最終伸線加工における各線材の伸線加工性を、以下に示す方法により評価した。
最終伸線加工を20kgの各線材に対して行い、伸線加工中の断線回数を記録した。なお、断線回数が2回になった時点で、それ以降の伸線加工を中止した。
そして、直径2.0mmから0.32mmまで20kgの線材を湿式伸線加工(最終伸線加工)した際の断線回数が0回の場合に伸線加工性が良好と評価し、断線回数が1回以上の場合に伸線加工性が悪いと評価した。その結果を表4に示す。
最終伸線加工における断線回数が1回以下であった場合、最終伸線加工後に得られた鋼線について、次のようにして、引張強さと絞りを測定し、評価した。

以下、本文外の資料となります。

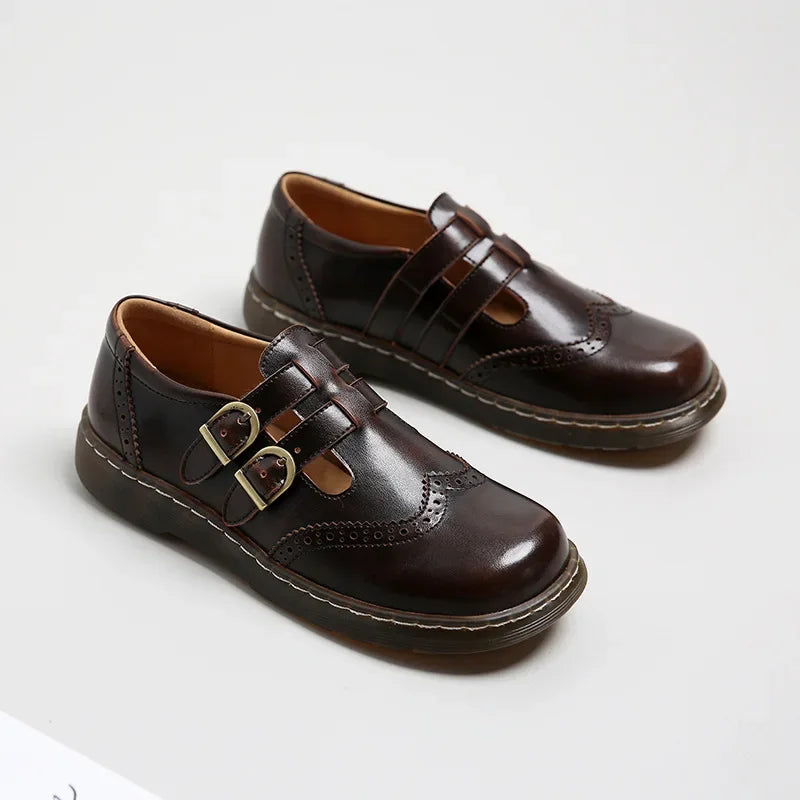 Mary Jane Shoes Thin Section Japanese Double Buckle Low-cut Flat Round Toe Small Leather Shoes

各鋼線について3本ずつ引張試験を行い、引張強さと絞りを測定し、その平均値を求めた。そして、引張強さが3000MPa以上である場合を、鋼線の引張強さが良好であると評価した。また、鋼線を撚り合わせて撚り鋼線を製造する際の断線の頻度は、引張試験での絞りと相関がある。絞りが30%以上であれば、撚り線時の断線を十分に防止できる。このため、絞りが30%以上の場合を、鋼線の絞り(延性)が良好と評価した。その結果を表4に示す。
表4に示すように、本発明で規定する条件をすべて満たす本発明例では、熱間圧延線材の伸線加工性が良好(断線回数が0回)であった。また、本発明例では、伸線加工後に得られた鋼線の引張強さが良好(3000MPa以上)であり、かつ引張試験の絞り(延性)が良好(30%以上)であった。
これに対し、C含有量の少ない熱間圧延線材を用いた試験番号1では、熱間圧延線材の引張強さが不十分であり、伸線加工後に得られた鋼線の引張強さも不十分であった。
また、熱間圧延線材の中心部のMn濃度の最大値が2.0倍を超え、熱間圧延線材の外周部のMn濃度の最大値と最小値との比(最大値/最小値)が2.0を超えた試験番号3、15、20、36では、熱間圧延線材の伸線加工性が悪かった。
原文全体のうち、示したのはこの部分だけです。